Terapias de conversão não são apenas sobre a “cura gay”

Diálogo entre Beatriz Pagliarini Bagagli e Laura Venancio de Souza.

Terapias de conversão não são apenas sobre “cura gay”. Tratam-se de práticas também destinadas a regularem a cisnormatividade. Percebam a mesma retórica operando na ideia de que a “reparação” normativa se dá em nome do alívio do sofrimento do indivíduo “tratado” e até mesmo da atenuação dos efeitos do “ostracismo social” – expressão bonita para designar discriminações e violências heterocissexistas.

Nos anos 1970, quando médicos e “especialistas” constataram que práticas psicológicas não seriam capazes de “transformar” adolescentes e mulheres trans adultas em homens masculinos, a “preocupação terapêutica” voltou-se para crianças, pois imaginava-se que a intervenção precoce nestas crianças poderia preveni-las de se tornarem transexuais e/ou homossexuais. Tais práticas resultaram no suicídio de pessoas “tratadas”, como o caso de Kirk Andrew Murphy.

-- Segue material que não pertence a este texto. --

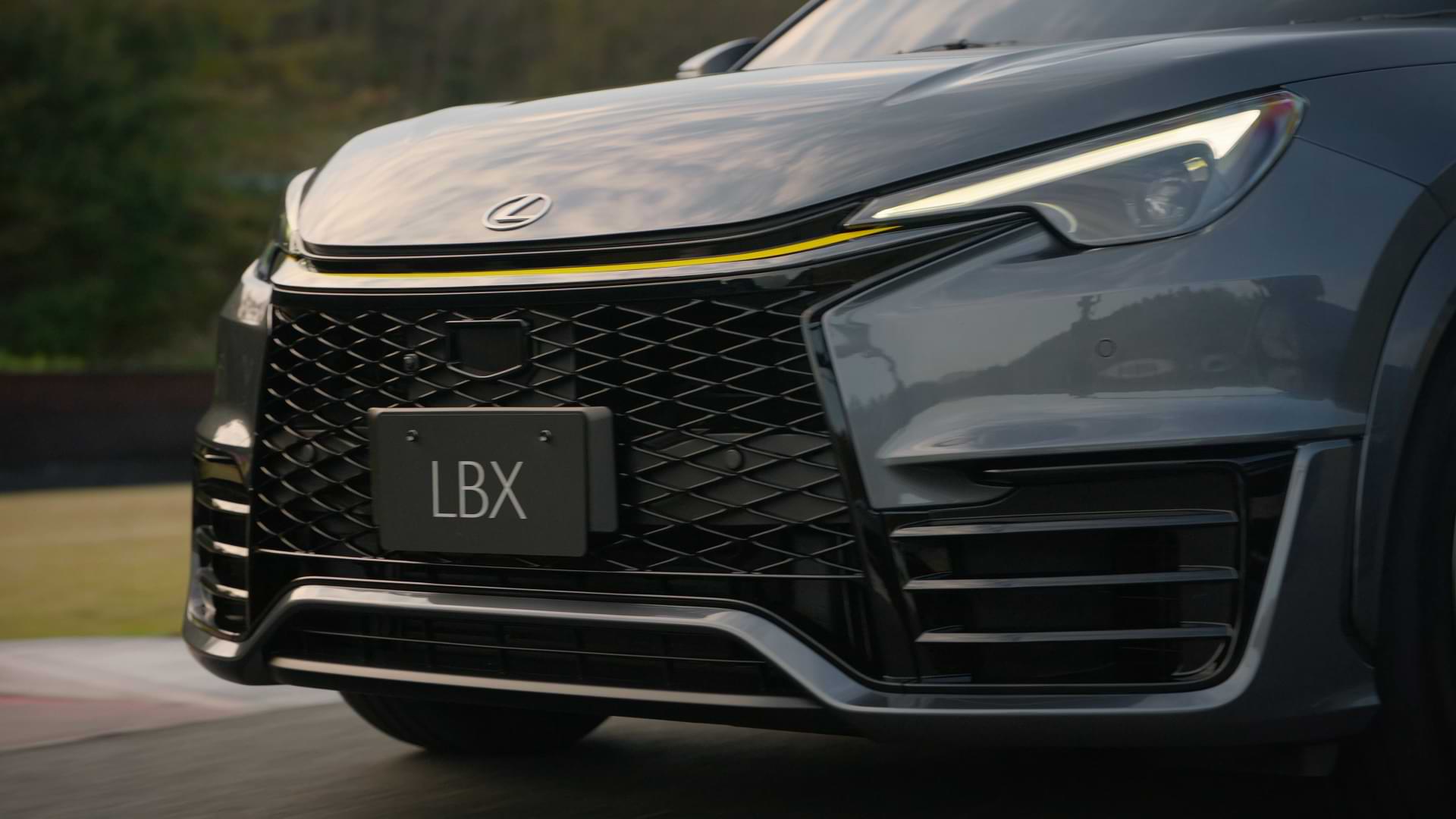 Bottom front view of a moving car.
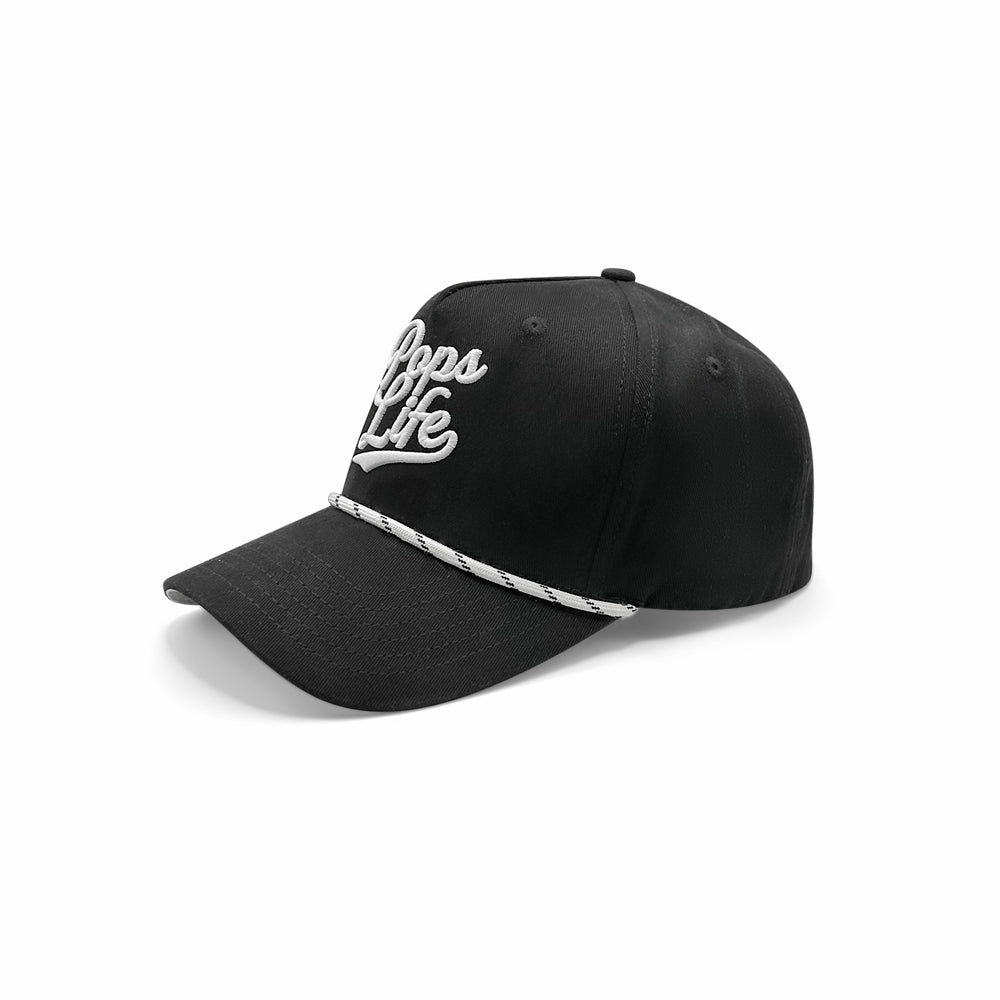 Angled view of a black dad hat showcasing Pops Life logo, white rope detail, and durable design.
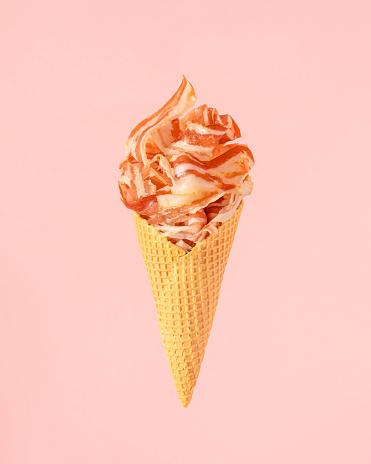 Minimal  composition with ice cream cone full of fresh bacon against pastel pink background. Creative summer bbq concept.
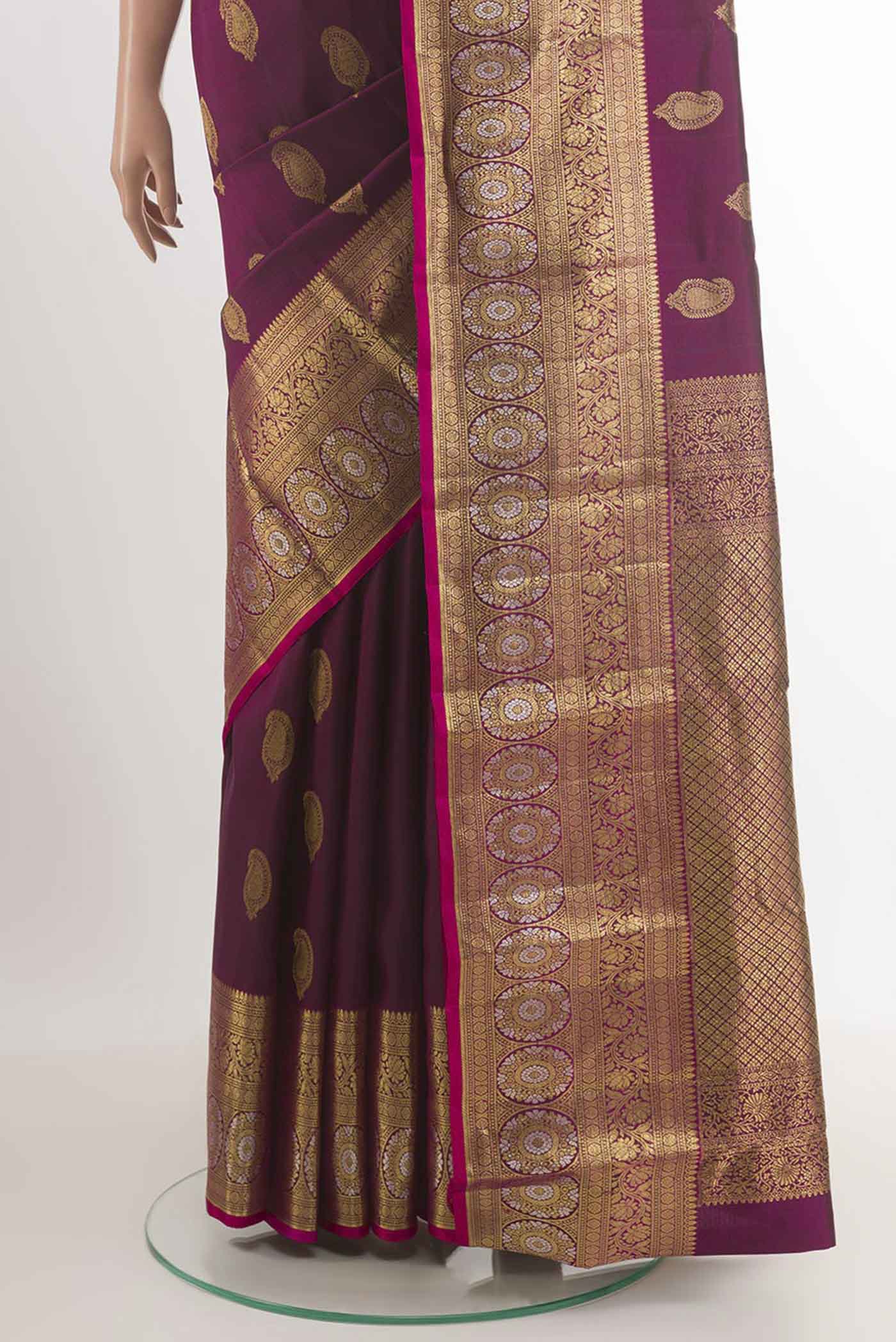 Pleats and pallu of Purple Kanjivaram Silk Saree with Zari Butta on the body and Zari Border. 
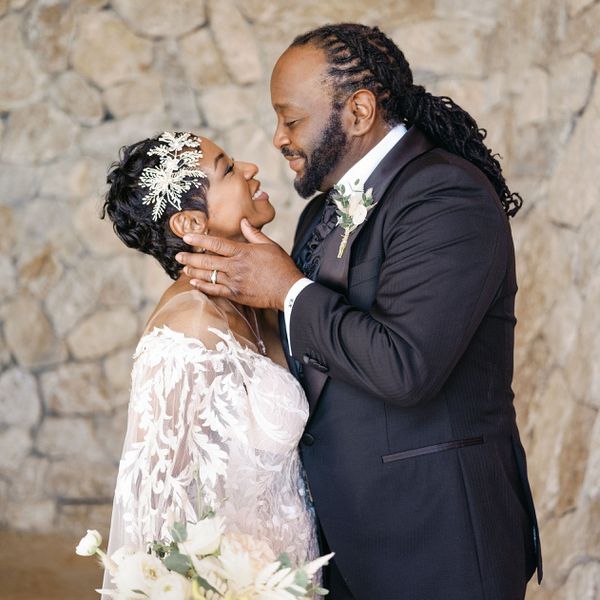 Bride and groom smiling at each other and gazing into each other's eyes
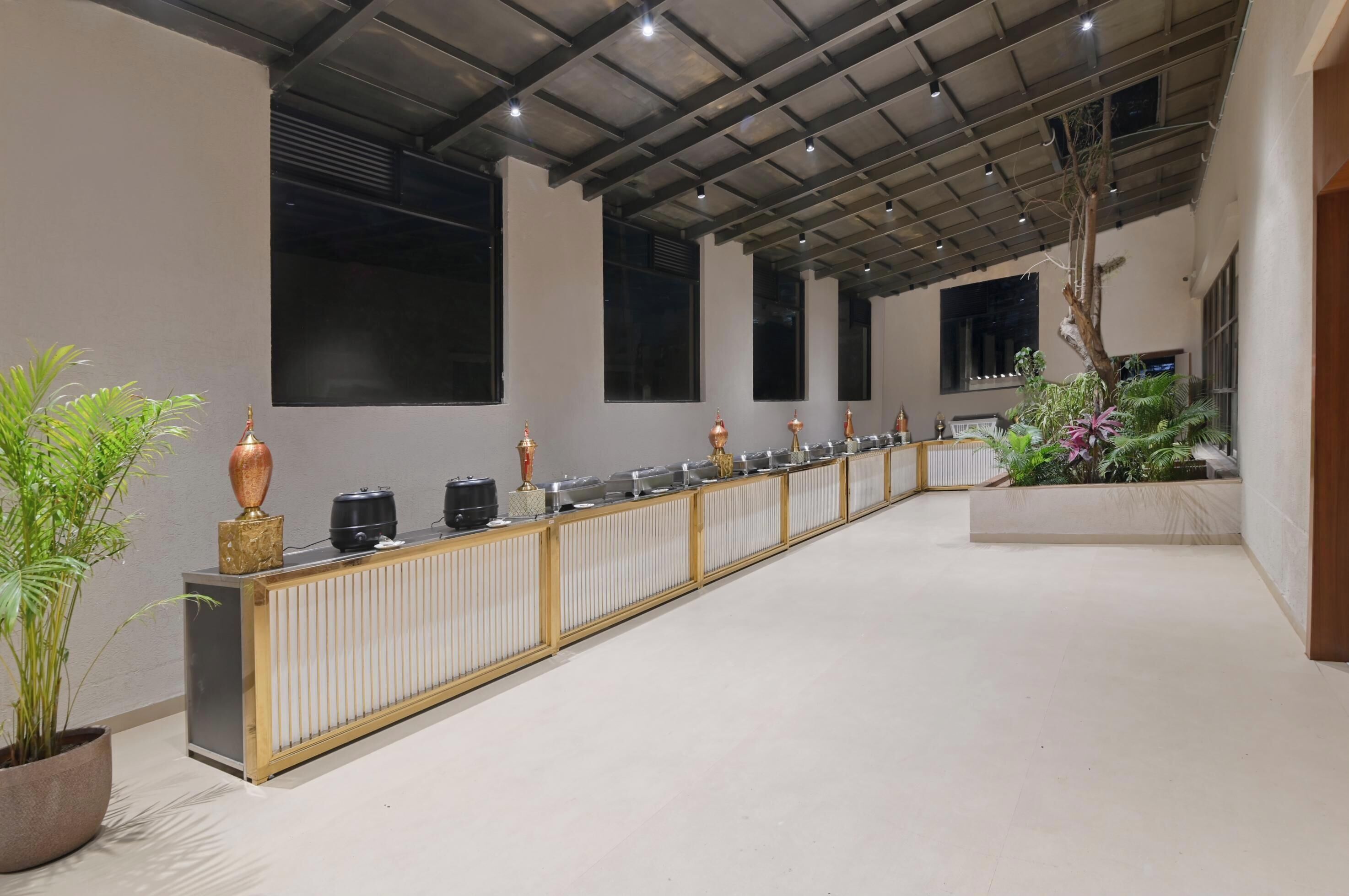 A long reception desk with a radiator, potted plants, and a row of black kettles.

Aqui vai um trecho traduzido do texto “DiscoSexology Part II: The Timeline“, da Cristan Williams. Leiam no transadvocate:

Zucker e Bradley (1995) acreditam que tratamentos reparativos (encorajando a criança a aceitar o seu sexo natal e gênero associado) podem ser terapêuticos por várias razões. Eles acreditam que o tratamento pode ajudar a reduzir o ostracismo social, ajudando as crianças não-conformes a se misturarem mais prontamente com colegas do mesmo sexo e impedir o desenvolvimento psicopatológico a longo prazo (ou seja, é mais fácil mudar uma criança do que uma sociedade intolerante à diversidade de gênero). Acredita-se que a terapia reparativa reduza as chances de transtorno de identidade de gênero no adulto (isto é, transexualismo), o qual Zucker e Bradley caracterizam como indesejável. Assim, “cortar pela raiz” o transtorno de gênero mantém a promessa de uma vida mais fácil para a criança na idade adulta, algo que ressoa entre alguns pais (Bauer, 2002). Zucker e Bradley (1995) acreditam que esses objetivos são clinicamente válidos e fornecem justificativa suficiente para a terapia que “ajudará as crianças a se sentirem mais seguras sobre sua identidade de gênero como meninos ou meninas” (p. 270). De fato, Zucker (1990b) aponta que reduzir o ostracismo de pares e a prevenção do transexualismo por si só é motivo suficiente para o tratamento, dada a angústia que os transexuais adultos experimentam.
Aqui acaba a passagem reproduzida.